One hot button phrase that seems to be so neglected, especially in the midst of debate about gay marriage is the separation of church and state. How can a politician be baffled that scripture wasn’t mentioned once in a debate to pass a bill?

Marriage, as a state-sanctioned institution, is not the same as its religious counterpart.

A religious basis is simply not rational when debating the issue in politics, and it never should be.

One thing that we as Americans are inherently guilty of is confusing marriages with weddings. A marriage is simply a union that is recognized by state and federal law. Weddings are the elaborate, Euro-Christian ceremonies in churches that are plastered all over your Facebook feed every spring.

I promise there is a difference.

Kay is also privileging Christianity over the many other faiths that Illinois residents, and even members of Illinois General Assembly, practice.

That’s right. There are Muslims, Buddhists, Jews and atheists living in Illinois, much to the surprise of Kay.

To try and use Christianity as the moral compass and backbone of Illinois law is outwardly neglecting other faiths (even though they should not be involved in political decision making, either).

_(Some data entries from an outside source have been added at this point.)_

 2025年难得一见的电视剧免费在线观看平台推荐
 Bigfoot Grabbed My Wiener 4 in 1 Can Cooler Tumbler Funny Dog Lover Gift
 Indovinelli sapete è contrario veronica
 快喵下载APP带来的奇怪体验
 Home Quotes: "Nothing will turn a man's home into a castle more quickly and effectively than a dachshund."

If scripture was in harmony with human rights, this would not even be worth discussing. Unfortunately, there will be cultural and legal discrepancies when using a book written 2,000 years ago as a foundation for modern law.

Kay was quoted saying marriage equality is “harmful,” but I want to hear how marriage equality damages the economy or how it defies the Constitution. Only then, would I think twice about supporting my gay classmates, teachers, family members and friends. The great (and stale) debate of Atheism vs. Christianity already finds its way at the dinner table. There is no need to exercise it in politics.

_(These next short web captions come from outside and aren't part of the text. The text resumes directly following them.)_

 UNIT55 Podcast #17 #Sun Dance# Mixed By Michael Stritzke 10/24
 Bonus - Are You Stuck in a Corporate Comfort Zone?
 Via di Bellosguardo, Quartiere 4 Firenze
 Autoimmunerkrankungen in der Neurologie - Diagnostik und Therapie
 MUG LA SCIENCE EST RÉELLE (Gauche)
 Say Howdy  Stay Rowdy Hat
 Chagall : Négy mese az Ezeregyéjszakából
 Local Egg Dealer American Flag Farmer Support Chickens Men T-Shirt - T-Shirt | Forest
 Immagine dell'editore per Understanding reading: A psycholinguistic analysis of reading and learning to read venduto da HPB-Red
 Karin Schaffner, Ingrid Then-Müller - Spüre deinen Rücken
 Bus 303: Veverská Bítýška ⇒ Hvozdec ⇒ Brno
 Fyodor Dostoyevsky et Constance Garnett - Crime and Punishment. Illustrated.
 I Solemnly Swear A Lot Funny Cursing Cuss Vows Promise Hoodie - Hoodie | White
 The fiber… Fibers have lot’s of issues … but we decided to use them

It is people like Dwight Kay who inspired separation of church and state. People who use religious justification to support the prejudice of others do not deserve to decide the fate of our laws.

 

Column by Carly Besser, Opinion Editor

 

5 Comments on "Are you there, God? It’s me, Dwight"

  1. Evan Hannan | December 6, 2013 at 5:45 pm |

    Wonderful column, I never really thought of the distinction between marriage and a wedding before, very insightful.

  2. Melissa Engleman | December 6, 2013 at 7:39 pm |

    Agree with Evan. Never thought about the marriage vs wedding thing before, even though it should be obvious. Great article!

  3. Thomas Shiroma | December 7, 2013 at 6:45 pm |

    I've tried to explain this to people before, but it always ends up being a kind of tangled and convoluted explanation. Well done on a very good, clear explanation! =D

  4. Yep. We're supposed to have separation of church and state, and yet here we have a religious ceremony that changes your legal status …

  5. From one ally to another: I agree with the overall message you are conveying that people who mix scripture with politics do not deserve to be a part of the ruling body of America. I also agree with your analysis on how mixing religion and matters of state is problematic. However, I don't agree with your analysis that the main problem 'Americans' have is mixing up a 'wedding' and a 'marriage'. (In a case like this semantics determine how the issue is perceived.) The semantics are all wrong for a couple of reasons: first, you're painting all Americans in the role of the aggressor and I think that dismisses religious fanatics/'traditionalists' from accepting accountability for their zealotry and second, I think that it misidentifies the struggle. I think the struggle is that marriage is so embedded in religious connotations that the more radical religious people feel compelled to protect the meaning marriage has to them. The religious connotations of 'marriage' cannot be ignored. The problem isn't with 'traditionalists' mixing up a marriage and a wedding, the problem lies in making current day marriage synonymous with the euro-christian foundation of 'marriage', the position where the more liberal marriage practices have arisen. So, really, the problem is that a marriage = a marriage. I think to make things truly fair, we need to let ago of the last stronghold of religious elements in politics, and change a marriage to a 'union', still allowing people to have their religious interpretations of religious matters, while leaving the religious connotations behind.